Provided material
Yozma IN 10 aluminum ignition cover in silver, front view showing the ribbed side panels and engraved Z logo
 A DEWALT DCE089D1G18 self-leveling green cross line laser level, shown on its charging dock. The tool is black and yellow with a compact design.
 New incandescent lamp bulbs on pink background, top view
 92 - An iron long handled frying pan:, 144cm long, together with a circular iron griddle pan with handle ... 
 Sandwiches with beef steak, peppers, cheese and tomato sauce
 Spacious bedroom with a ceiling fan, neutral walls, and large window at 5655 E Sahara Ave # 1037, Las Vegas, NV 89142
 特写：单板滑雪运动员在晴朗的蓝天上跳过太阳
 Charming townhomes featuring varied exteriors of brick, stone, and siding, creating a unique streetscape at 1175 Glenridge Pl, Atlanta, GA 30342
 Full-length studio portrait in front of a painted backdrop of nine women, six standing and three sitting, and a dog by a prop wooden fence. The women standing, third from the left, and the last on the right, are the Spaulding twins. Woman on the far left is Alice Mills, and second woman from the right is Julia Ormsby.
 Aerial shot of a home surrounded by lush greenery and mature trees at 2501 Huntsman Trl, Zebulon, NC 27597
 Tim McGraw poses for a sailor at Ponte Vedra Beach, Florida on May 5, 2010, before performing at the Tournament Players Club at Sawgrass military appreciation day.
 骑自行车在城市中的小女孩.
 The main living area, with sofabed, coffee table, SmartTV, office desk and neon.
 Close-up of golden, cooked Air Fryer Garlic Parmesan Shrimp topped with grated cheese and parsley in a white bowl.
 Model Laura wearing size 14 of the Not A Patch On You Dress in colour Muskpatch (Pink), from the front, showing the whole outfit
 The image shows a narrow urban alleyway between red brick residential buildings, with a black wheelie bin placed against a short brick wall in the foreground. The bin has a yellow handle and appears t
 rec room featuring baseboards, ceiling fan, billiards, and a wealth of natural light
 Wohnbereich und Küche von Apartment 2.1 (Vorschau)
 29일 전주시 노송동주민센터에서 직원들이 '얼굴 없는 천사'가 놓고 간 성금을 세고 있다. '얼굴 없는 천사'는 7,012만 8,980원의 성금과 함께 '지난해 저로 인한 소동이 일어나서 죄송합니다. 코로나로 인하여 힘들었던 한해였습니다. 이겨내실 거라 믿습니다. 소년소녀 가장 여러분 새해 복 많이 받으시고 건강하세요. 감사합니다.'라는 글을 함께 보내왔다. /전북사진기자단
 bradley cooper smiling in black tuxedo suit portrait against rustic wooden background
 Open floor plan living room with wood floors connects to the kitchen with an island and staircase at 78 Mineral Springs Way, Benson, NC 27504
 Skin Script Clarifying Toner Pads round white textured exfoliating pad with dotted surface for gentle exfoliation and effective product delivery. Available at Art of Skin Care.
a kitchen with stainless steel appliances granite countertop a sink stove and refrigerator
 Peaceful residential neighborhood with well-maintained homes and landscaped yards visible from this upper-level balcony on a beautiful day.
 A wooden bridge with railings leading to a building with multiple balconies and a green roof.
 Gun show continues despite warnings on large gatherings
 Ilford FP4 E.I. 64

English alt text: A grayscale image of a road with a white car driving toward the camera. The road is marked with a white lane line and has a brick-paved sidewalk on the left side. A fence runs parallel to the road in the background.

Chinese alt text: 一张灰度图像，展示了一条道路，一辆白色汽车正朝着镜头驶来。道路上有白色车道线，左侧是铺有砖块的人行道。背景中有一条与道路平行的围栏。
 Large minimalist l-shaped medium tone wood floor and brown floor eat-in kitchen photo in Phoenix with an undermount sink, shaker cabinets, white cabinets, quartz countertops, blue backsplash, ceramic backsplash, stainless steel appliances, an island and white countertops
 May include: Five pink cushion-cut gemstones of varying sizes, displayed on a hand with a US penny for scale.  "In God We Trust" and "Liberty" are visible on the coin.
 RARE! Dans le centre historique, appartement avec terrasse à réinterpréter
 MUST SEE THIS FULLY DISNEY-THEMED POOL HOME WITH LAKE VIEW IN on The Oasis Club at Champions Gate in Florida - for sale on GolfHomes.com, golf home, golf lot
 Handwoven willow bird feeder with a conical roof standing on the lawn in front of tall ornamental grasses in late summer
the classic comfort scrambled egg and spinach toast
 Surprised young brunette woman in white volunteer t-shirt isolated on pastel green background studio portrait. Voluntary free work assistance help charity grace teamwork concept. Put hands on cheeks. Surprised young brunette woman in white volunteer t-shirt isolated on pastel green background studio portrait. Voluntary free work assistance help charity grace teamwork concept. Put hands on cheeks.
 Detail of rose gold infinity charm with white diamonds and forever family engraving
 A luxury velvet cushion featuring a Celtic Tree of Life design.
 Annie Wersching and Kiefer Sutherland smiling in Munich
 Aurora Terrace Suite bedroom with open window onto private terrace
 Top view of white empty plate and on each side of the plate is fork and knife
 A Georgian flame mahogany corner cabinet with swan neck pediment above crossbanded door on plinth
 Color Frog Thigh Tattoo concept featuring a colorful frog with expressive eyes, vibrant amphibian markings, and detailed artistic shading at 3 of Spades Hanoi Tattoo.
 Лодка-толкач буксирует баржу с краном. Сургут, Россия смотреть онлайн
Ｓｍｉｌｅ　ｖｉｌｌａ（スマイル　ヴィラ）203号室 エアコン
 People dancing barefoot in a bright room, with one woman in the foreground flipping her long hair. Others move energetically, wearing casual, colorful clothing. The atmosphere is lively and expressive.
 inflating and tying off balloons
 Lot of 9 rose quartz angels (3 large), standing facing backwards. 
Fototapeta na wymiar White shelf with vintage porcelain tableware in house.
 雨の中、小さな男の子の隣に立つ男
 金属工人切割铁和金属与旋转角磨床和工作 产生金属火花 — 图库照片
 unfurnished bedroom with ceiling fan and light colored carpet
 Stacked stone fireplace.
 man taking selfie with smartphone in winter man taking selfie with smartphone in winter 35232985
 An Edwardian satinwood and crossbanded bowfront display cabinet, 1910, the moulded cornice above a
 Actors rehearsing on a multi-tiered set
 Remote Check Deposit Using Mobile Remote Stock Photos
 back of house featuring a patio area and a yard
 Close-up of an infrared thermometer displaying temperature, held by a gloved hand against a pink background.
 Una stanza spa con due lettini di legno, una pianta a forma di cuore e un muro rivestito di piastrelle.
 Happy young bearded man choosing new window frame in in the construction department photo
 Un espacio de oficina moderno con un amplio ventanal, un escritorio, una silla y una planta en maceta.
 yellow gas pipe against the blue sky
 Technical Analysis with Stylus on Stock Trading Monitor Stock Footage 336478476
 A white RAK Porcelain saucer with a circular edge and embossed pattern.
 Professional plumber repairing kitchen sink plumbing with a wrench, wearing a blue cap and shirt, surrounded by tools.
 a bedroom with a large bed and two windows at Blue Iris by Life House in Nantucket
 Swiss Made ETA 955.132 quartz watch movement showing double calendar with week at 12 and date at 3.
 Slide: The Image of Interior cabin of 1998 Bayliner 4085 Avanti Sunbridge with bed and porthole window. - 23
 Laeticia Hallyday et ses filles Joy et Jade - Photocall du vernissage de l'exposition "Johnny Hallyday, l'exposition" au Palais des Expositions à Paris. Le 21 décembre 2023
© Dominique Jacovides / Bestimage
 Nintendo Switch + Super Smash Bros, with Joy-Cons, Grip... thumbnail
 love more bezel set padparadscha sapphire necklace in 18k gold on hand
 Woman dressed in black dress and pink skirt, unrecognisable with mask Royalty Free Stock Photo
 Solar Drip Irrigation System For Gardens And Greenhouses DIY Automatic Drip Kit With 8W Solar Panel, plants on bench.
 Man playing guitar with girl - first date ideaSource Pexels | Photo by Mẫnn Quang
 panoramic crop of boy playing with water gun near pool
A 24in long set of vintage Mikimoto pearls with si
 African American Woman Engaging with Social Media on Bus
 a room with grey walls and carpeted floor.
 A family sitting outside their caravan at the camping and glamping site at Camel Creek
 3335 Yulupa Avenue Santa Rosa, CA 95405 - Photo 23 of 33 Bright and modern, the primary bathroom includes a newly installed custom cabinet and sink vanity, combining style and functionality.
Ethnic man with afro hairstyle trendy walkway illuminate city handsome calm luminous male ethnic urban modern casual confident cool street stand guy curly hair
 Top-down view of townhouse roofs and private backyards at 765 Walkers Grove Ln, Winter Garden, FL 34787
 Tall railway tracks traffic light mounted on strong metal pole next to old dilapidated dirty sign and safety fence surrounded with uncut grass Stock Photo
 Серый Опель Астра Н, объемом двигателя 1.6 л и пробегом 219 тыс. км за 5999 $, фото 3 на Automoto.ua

Exercise prompt
Please count the lines in the records that hold the string "level", and give the number alone.

Exercise output
2